What do you use the rags for? Cleaning paint residue and wiping stains? 

Figured it would be too much of a hassle to clean rags, always bought new ones.


----------



## DeanV (Apr 18, 2007)

Sad to say, but even a box of all pro rags is not what they were 5 years ago. They are not even good for staining or as a caulk rag anymore.

I used microfibers for cleaning, but too expensive for general purpose paint rags.


----------



## MikeCalifornia (Aug 26, 2012)

I switched to terry cloth rags, HD is good for something. I rinse them out each night and put in a small bucket. When it gets full, into the wash they go. They last a long time, saving me plenty of money. I might buy a pack a year with my rotation.


----------



## DeanV (Apr 18, 2007)

I did see 144 microfiber cloths on amazon for $50. As long as you don't use them for caulk, stain, or paint clean up, they should work fine, but I can't imagine using them for throw away applications. But 30 some cents apiece, probably paying too close to that for bad quality rags anyway. Maybe I should try it for all rags except stain.


----------



## RH (Sep 7, 2010)

Some of the best rags I can ever remember using were old cotton diapers (clean). Amazon carries 50 yard bolts (36"w) of 100% cotton for $143. Not necessarily the cheapest rags, but for good cotton ones, I might consider going that way.


----------



## Chuck the painter (Sep 16, 2015)

I use microfiber rags for paint clean up. Microfiber covered pads for staining.

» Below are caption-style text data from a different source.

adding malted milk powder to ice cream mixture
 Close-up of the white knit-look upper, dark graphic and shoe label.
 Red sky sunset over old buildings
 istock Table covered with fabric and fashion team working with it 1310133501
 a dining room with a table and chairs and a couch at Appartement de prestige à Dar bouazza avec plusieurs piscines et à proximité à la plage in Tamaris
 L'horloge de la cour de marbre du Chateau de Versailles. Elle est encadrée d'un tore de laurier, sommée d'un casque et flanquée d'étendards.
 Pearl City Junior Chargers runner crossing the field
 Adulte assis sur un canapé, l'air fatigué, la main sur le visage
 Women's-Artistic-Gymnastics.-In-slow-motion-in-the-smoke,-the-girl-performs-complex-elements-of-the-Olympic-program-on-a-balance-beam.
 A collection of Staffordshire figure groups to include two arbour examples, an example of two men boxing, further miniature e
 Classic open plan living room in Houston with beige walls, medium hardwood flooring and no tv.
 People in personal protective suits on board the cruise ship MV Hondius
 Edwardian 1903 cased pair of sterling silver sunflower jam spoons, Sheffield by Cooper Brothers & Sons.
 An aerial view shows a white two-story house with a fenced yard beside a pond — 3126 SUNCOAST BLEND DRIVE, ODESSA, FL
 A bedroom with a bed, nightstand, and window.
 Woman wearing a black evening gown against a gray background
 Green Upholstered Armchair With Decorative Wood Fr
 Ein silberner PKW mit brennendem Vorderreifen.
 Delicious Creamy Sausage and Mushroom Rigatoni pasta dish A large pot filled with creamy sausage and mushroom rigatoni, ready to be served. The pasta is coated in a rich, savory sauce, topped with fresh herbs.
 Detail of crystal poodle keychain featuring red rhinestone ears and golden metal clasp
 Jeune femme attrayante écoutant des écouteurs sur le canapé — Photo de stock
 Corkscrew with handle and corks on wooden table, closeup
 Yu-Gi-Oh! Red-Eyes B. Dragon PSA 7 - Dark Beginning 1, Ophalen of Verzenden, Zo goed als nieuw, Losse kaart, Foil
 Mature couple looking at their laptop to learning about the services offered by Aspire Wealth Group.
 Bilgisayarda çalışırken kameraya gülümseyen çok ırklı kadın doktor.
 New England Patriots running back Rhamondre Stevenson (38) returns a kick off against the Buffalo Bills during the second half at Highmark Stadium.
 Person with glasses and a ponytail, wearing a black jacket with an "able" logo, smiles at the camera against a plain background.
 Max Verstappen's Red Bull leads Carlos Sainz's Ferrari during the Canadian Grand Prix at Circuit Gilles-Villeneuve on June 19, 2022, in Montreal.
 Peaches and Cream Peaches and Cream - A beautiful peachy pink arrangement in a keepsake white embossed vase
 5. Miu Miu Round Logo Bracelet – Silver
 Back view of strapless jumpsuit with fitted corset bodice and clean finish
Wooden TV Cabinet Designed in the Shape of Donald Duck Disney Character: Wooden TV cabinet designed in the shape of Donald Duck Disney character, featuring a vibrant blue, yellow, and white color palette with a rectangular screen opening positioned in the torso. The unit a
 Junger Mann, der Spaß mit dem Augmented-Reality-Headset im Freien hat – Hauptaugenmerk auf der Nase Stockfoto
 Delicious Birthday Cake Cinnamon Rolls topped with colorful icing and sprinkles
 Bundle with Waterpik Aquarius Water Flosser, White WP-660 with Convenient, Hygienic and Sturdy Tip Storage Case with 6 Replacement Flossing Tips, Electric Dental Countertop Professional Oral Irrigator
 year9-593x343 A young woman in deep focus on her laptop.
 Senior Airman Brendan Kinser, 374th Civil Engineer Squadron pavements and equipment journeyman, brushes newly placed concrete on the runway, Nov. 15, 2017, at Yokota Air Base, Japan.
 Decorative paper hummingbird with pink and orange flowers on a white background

Sent from my XT1585 using Tapatalk


----------



## chrisn (Jul 15, 2007)

woodcoyote said:


> What do you use the rags for? Cleaning paint residue and wiping stains?
> 
> Figured it would be too much of a hassle to clean rags, always bought new ones.


I just use them for general wiping up, hands, spills etc, I got 3 @ the car parts place for about $5 3 months ago and am still using the first one. I figure I would have gone through a quarter of a bag of cheap pant rags by now. Sounds like a savings to me, plus they just work much better.


----------



## chrisn (Jul 15, 2007)

http://shop.advanceautoparts.com/p/...-P?searchTerm=vehicle+wash+-+sponges+&+towels

I cut these in half and have not used a whole one yet in 3 months, seems like a savings to me.


----------



## Stretch67 (Oct 7, 2013)

chrisn said:


> http://shop.advanceautoparts.com/p/...-P?searchTerm=vehicle+wash+-+sponges+&+towels
> 
> I cut these in half and have not used a whole one yet in 3 months, seems like a savings to me.


Laid off?

Sent from my SM-G930T using Tapatalk


----------



## chrisn (Jul 15, 2007)

bryceraisanen said:


> Laid off?
> 
> Sent from my SM-G930T using Tapatalk


To the contrary, working 7 days a week ( most weeks) since January:vs_shocked:


----------



## PACman (Oct 24, 2014)

RH said:


> Some of the best rags I can ever remember using were old cotton diapers (clean). Amazon carries 50 yard bolts (36"w) of 100% cotton for $143. Not necessarily the cheapest rags, but for good cotton ones, I might consider going that way.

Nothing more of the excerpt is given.